» What to do
Among the entries below, copy only the span from the line containing "Green and Pink Woven Silk Scarf with Fringe" through the line containing "3-veis strømfordelingsblokk 1x0". Do so exactly, and skip the pictures.

Pictures with short captions
↓

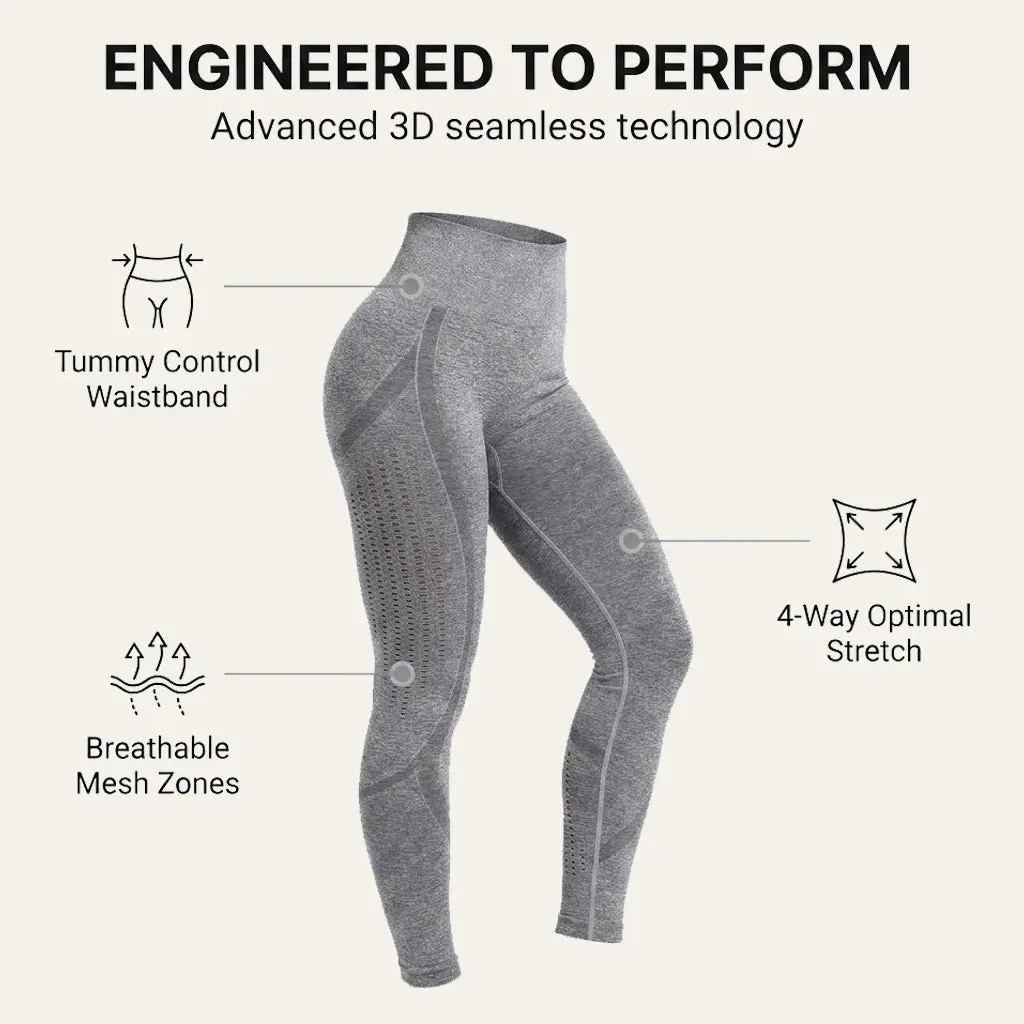 Yogazen Women's High-Waist Seamless Leggings – Light Gray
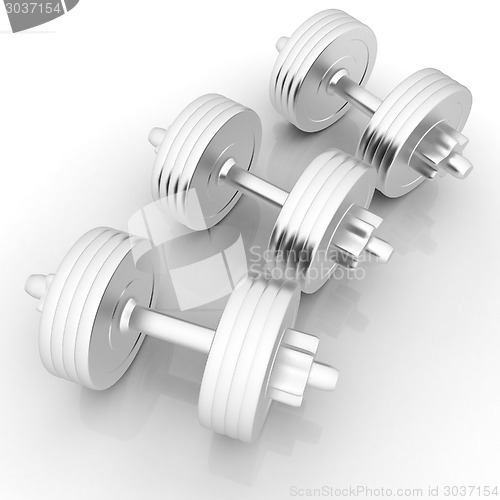 Image of Metall dumbbells on a white background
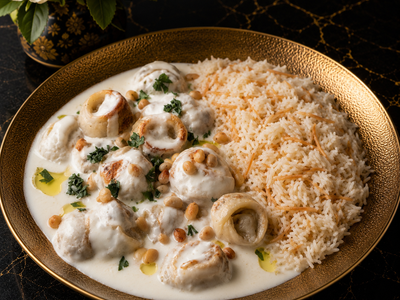 Handmade Meat Dumplings in Yogurt Broth w Rice & Pine Nuts (Shish Barak | Pre-Order | 24 Hours' Notice Required)
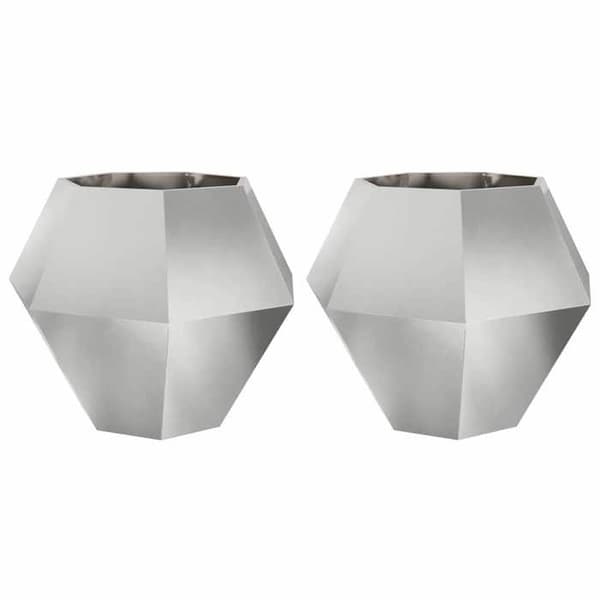 Maison Exclusive - Jardinière 2 stk Sølv 100 x 100 x 80 cm Rustfrit stål Silver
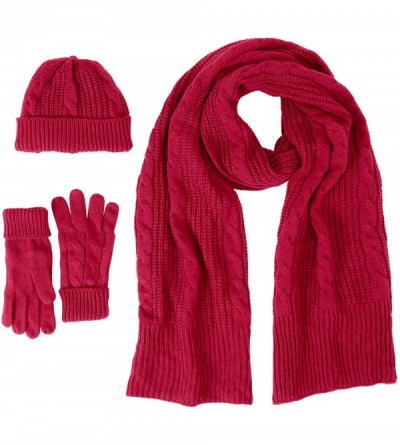 Skullies & Beanies Women's Plus Size Cable Knit Beanie - Classic Red (1033) - CG18YYHYNEG $9.56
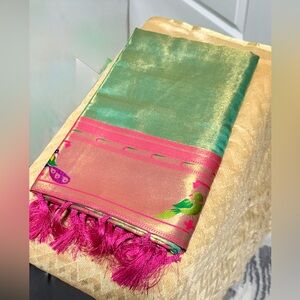 Green and Pink Woven Silk Scarf with Fringe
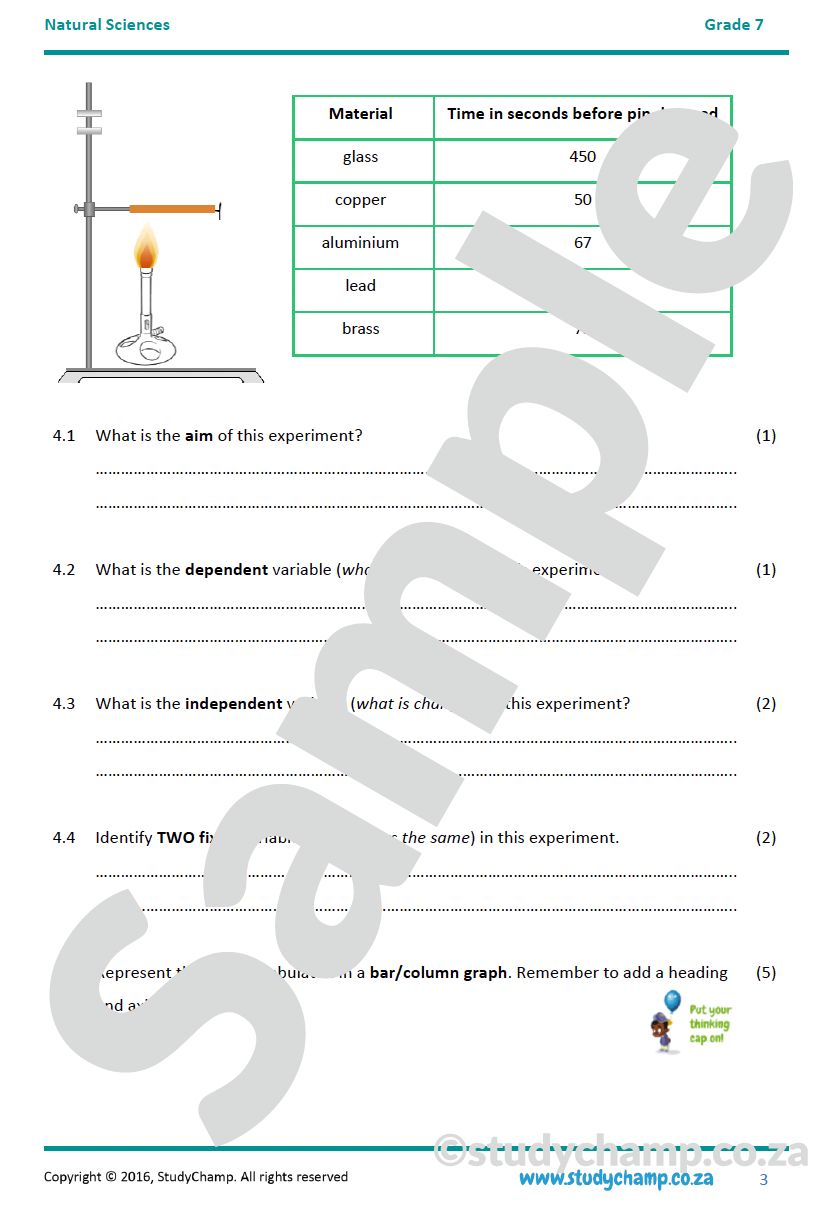 Grade 7 Natural Sciences Test: Potential and Kinetic Energy and Heat Transfer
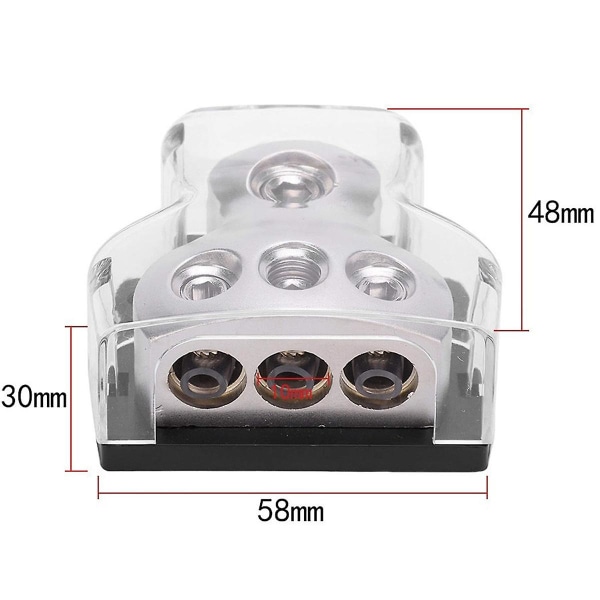 3-veis strømfordelingsblokk 1x0 Gauge in 3x4 Gauge Out strømfordelingsblokk for bilstereo Splitter As Shown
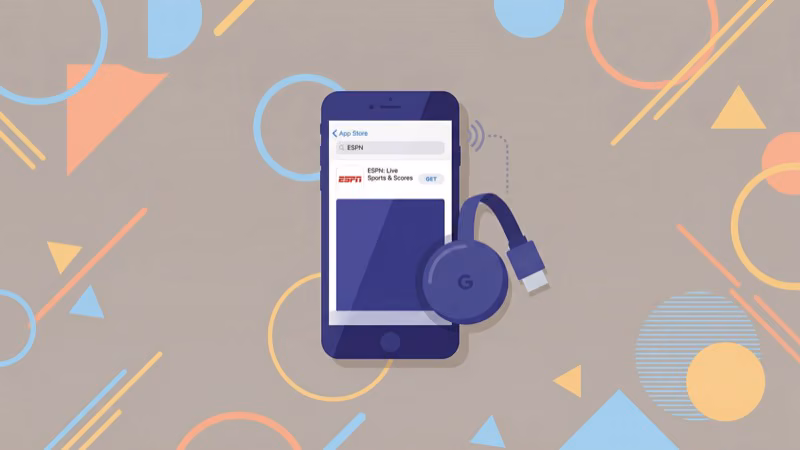 Google Play Store on Chromecast with Google TV showing ESPN app install button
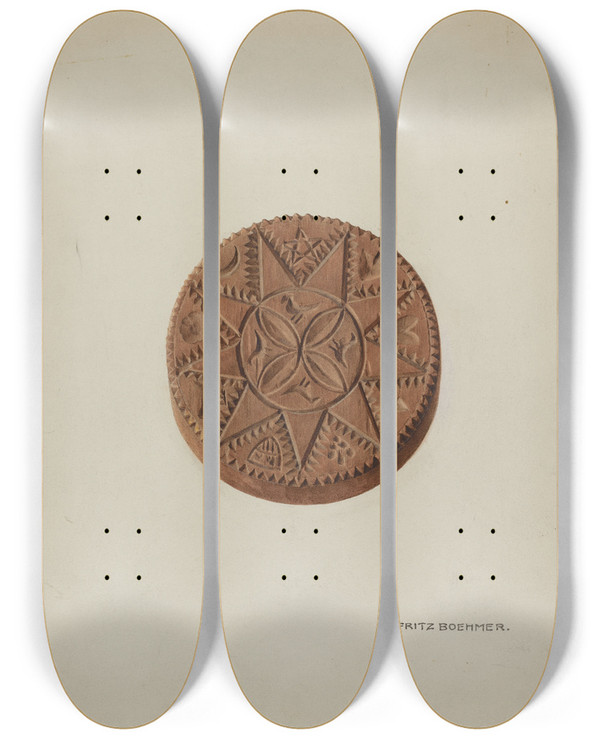 Triptych art skateboard deck of Fritz Boehmer Zoar Buttermold by Fritz Boehmer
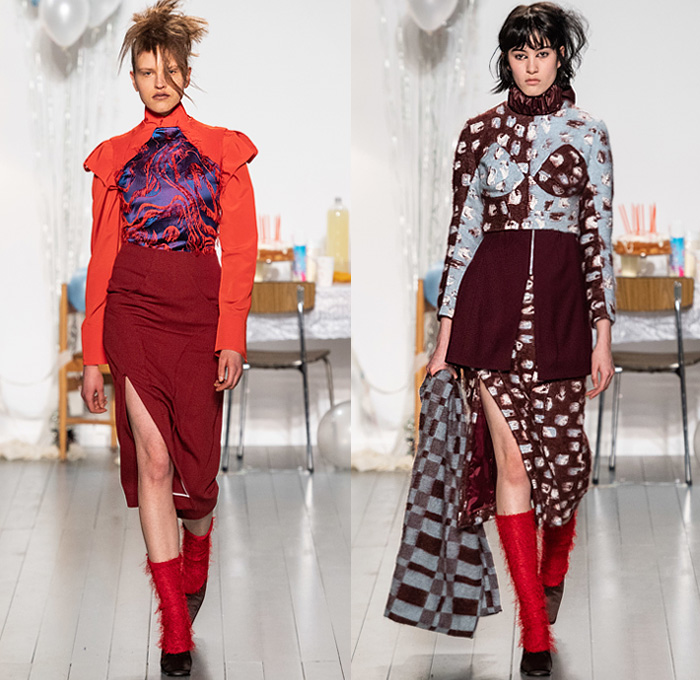 Richard Malone 2019-2020 Fall Autumn Winter Womens Runway Catwalk Looks - London Fashion Week Collections UK - Punk Knit Ribbed Turtleneck Shaggy Fur Frayed Silk Satin Cinch Pleats Drawstring Sleeveless Straps Draped Stripes Dress Skirt Shirtdress Cargo Utility Pockets Check Blazer Outerwear Coat Wide Lapel Cap Sleeve Craters Pattern Wide Leg Pants Boots Tote Bag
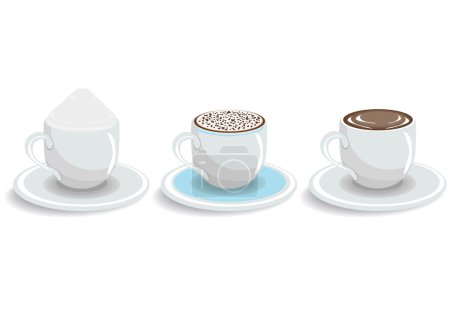 Three cups of espresso, cappuccino and coffee with cream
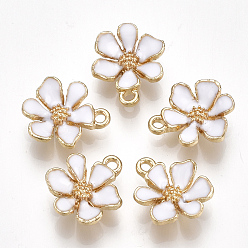 Белый Подвески из сплава , с эмалью, цветок, золотой свет, белые, 15x12.5x4 мм, отверстие : 1.4 мм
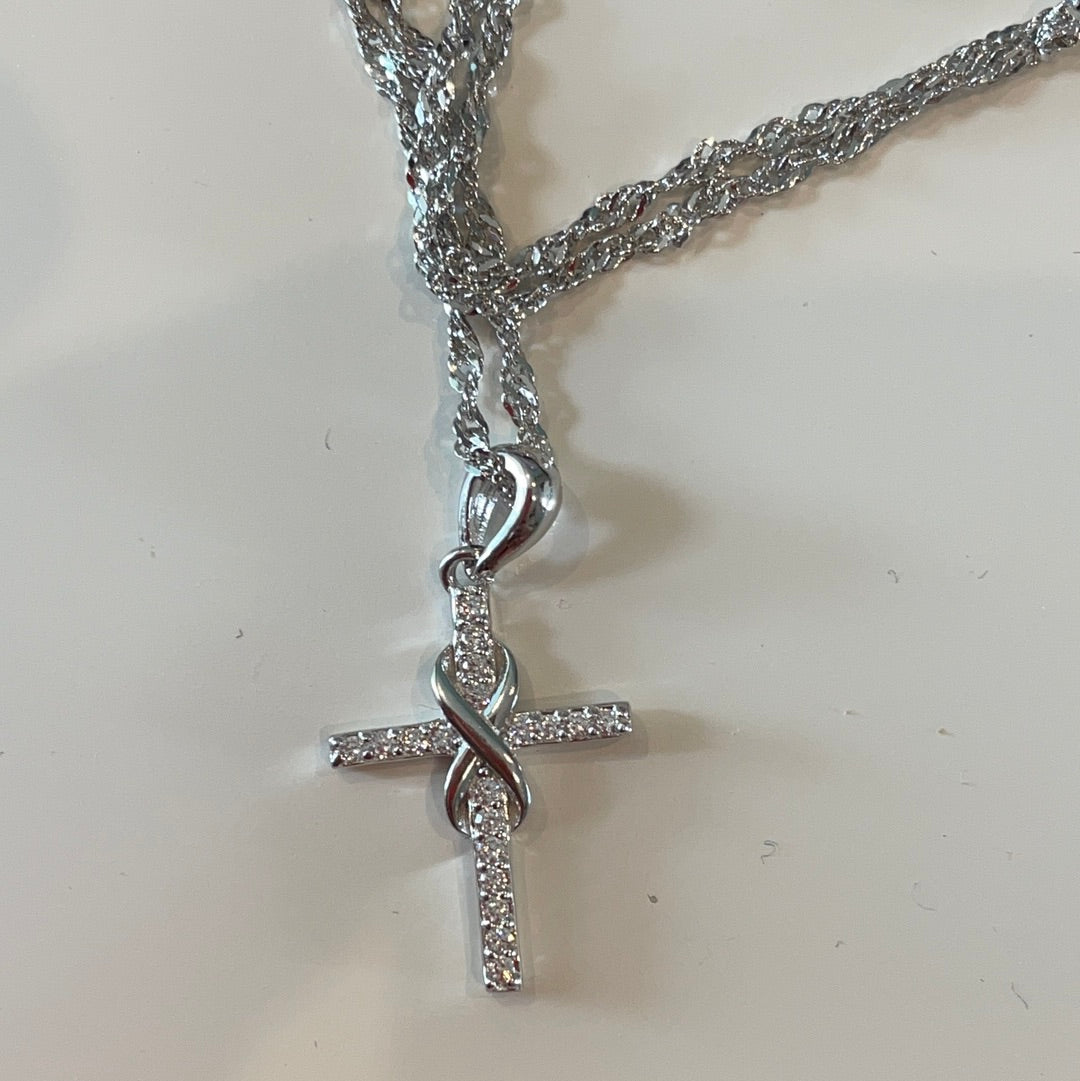 Sterling Silver Pave Infinity Cross Dangle Pendant on a Sterling Silver Twisted Necklace Chain BEAUTIFUL and Dainty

↑

» Result of the task
 Green and Pink Woven Silk Scarf with Fringe
 Grade 7 Natural Sciences Test: Potential and Kinetic Energy and Heat Transfer
 3-veis strømfordelingsblokk 1x0 Gauge in 3x4 Gauge Out strømfordelingsblokk for bilstereo Splitter As Shown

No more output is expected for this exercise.